[Work to complete] Give the entries again in full. Nothing may be altered.
---- Data listing
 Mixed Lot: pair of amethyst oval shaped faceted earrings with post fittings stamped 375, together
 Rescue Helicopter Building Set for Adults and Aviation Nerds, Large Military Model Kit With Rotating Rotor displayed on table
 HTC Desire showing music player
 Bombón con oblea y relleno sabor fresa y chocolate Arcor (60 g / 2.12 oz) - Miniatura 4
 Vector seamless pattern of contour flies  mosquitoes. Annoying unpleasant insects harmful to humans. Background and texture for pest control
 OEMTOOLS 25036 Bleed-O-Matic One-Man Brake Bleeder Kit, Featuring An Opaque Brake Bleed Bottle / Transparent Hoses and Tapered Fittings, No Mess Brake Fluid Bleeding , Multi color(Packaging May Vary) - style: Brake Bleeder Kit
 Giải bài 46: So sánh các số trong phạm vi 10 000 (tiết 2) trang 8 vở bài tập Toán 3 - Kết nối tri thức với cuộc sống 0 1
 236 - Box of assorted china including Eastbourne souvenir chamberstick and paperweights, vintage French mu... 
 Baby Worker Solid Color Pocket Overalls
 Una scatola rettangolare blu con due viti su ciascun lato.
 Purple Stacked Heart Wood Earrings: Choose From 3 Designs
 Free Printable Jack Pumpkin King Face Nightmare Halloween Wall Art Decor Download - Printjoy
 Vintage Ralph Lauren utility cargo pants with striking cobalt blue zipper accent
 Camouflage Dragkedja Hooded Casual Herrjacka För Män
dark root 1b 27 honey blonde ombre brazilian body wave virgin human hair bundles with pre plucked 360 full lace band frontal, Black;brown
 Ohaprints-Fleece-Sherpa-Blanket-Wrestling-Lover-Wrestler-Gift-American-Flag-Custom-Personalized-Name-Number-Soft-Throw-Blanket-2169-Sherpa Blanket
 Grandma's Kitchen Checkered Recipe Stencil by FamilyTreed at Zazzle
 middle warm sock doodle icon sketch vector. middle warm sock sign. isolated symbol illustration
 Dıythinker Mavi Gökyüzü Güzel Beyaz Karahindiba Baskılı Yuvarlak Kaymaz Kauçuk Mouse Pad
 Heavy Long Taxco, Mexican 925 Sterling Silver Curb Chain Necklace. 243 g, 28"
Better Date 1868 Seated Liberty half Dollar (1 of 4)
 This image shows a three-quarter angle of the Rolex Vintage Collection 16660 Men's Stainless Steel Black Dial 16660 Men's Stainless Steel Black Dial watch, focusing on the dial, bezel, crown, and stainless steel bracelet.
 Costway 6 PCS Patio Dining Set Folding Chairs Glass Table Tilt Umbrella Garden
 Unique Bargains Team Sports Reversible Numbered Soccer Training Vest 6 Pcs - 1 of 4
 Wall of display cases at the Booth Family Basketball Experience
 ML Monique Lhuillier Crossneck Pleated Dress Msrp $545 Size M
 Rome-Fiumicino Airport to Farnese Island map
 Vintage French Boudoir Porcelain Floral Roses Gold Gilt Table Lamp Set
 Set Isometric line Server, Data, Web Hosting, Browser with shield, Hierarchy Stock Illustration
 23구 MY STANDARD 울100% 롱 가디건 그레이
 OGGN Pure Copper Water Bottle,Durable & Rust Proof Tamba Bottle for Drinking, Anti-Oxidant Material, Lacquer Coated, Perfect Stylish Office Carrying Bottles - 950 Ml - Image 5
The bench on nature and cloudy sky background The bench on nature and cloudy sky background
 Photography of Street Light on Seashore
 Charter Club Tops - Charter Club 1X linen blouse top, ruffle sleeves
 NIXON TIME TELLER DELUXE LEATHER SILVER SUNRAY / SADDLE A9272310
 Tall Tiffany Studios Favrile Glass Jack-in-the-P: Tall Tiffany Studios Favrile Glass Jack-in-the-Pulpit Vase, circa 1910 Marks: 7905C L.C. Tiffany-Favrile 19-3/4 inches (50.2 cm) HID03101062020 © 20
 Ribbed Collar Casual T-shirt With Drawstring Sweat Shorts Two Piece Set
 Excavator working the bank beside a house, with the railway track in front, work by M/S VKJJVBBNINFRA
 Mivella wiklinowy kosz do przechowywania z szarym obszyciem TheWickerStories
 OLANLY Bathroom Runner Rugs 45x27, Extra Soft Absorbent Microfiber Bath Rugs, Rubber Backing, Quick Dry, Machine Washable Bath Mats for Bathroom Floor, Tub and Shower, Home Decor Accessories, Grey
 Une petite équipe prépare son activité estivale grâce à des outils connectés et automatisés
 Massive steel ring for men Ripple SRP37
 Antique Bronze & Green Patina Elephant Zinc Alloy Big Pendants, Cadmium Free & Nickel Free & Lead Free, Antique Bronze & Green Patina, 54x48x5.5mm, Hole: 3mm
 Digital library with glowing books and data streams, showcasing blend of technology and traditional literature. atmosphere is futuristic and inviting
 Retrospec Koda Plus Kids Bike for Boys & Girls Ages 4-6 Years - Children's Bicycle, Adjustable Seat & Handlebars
--------
[Solution to the exercise]
 Mixed Lot: pair of amethyst oval shaped faceted earrings with post fittings stamped 375, together
 Rescue Helicopter Building Set for Adults and Aviation Nerds, Large Military Model Kit With Rotating Rotor displayed on table
 HTC Desire showing music player
 Bombón con oblea y relleno sabor fresa y chocolate Arcor (60 g / 2.12 oz) - Miniatura 4
 Vector seamless pattern of contour flies  mosquitoes. Annoying unpleasant insects harmful to humans. Background and texture for pest control
 OEMTOOLS 25036 Bleed-O-Matic One-Man Brake Bleeder Kit, Featuring An Opaque Brake Bleed Bottle / Transparent Hoses and Tapered Fittings, No Mess Brake Fluid Bleeding , Multi color(Packaging May Vary) - style: Brake Bleeder Kit
 Giải bài 46: So sánh các số trong phạm vi 10 000 (tiết 2) trang 8 vở bài tập Toán 3 - Kết nối tri thức với cuộc sống 0 1
 236 - Box of assorted china including Eastbourne souvenir chamberstick and paperweights, vintage French mu... 
 Baby Worker Solid Color Pocket Overalls
 Una scatola rettangolare blu con due viti su ciascun lato.
 Purple Stacked Heart Wood Earrings: Choose From 3 Designs
 Free Printable Jack Pumpkin King Face Nightmare Halloween Wall Art Decor Download - Printjoy
 Vintage Ralph Lauren utility cargo pants with striking cobalt blue zipper accent
 Camouflage Dragkedja Hooded Casual Herrjacka För Män
dark root 1b 27 honey blonde ombre brazilian body wave virgin human hair bundles with pre plucked 360 full lace band frontal, Black;brown
 Ohaprints-Fleece-Sherpa-Blanket-Wrestling-Lover-Wrestler-Gift-American-Flag-Custom-Personalized-Name-Number-Soft-Throw-Blanket-2169-Sherpa Blanket
 Grandma's Kitchen Checkered Recipe Stencil by FamilyTreed at Zazzle
 middle warm sock doodle icon sketch vector. middle warm sock sign. isolated symbol illustration
 Dıythinker Mavi Gökyüzü Güzel Beyaz Karahindiba Baskılı Yuvarlak Kaymaz Kauçuk Mouse Pad
 Heavy Long Taxco, Mexican 925 Sterling Silver Curb Chain Necklace. 243 g, 28"
Better Date 1868 Seated Liberty half Dollar (1 of 4)
 This image shows a three-quarter angle of the Rolex Vintage Collection 16660 Men's Stainless Steel Black Dial 16660 Men's Stainless Steel Black Dial watch, focusing on the dial, bezel, crown, and stainless steel bracelet.
 Costway 6 PCS Patio Dining Set Folding Chairs Glass Table Tilt Umbrella Garden
 Unique Bargains Team Sports Reversible Numbered Soccer Training Vest 6 Pcs - 1 of 4
 Wall of display cases at the Booth Family Basketball Experience
 ML Monique Lhuillier Crossneck Pleated Dress Msrp $545 Size M
 Rome-Fiumicino Airport to Farnese Island map
 Vintage French Boudoir Porcelain Floral Roses Gold Gilt Table Lamp Set
 Set Isometric line Server, Data, Web Hosting, Browser with shield, Hierarchy Stock Illustration
 23구 MY STANDARD 울100% 롱 가디건 그레이
 OGGN Pure Copper Water Bottle,Durable & Rust Proof Tamba Bottle for Drinking, Anti-Oxidant Material, Lacquer Coated, Perfect Stylish Office Carrying Bottles - 950 Ml - Image 5
The bench on nature and cloudy sky background The bench on nature and cloudy sky background
 Photography of Street Light on Seashore
 Charter Club Tops - Charter Club 1X linen blouse top, ruffle sleeves
 NIXON TIME TELLER DELUXE LEATHER SILVER SUNRAY / SADDLE A9272310
 Tall Tiffany Studios Favrile Glass Jack-in-the-P: Tall Tiffany Studios Favrile Glass Jack-in-the-Pulpit Vase, circa 1910 Marks: 7905C L.C. Tiffany-Favrile 19-3/4 inches (50.2 cm) HID03101062020 © 20
 Ribbed Collar Casual T-shirt With Drawstring Sweat Shorts Two Piece Set
 Excavator working the bank beside a house, with the railway track in front, work by M/S VKJJVBBNINFRA
 Mivella wiklinowy kosz do przechowywania z szarym obszyciem TheWickerStories
 OLANLY Bathroom Runner Rugs 45x27, Extra Soft Absorbent Microfiber Bath Rugs, Rubber Backing, Quick Dry, Machine Washable Bath Mats for Bathroom Floor, Tub and Shower, Home Decor Accessories, Grey
 Une petite équipe prépare son activité estivale grâce à des outils connectés et automatisés
 Massive steel ring for men Ripple SRP37
 Antique Bronze & Green Patina Elephant Zinc Alloy Big Pendants, Cadmium Free & Nickel Free & Lead Free, Antique Bronze & Green Patina, 54x48x5.5mm, Hole: 3mm
 Digital library with glowing books and data streams, showcasing blend of technology and traditional literature. atmosphere is futuristic and inviting
 Retrospec Koda Plus Kids Bike for Boys & Girls Ages 4-6 Years - Children's Bicycle, Adjustable Seat & Handlebars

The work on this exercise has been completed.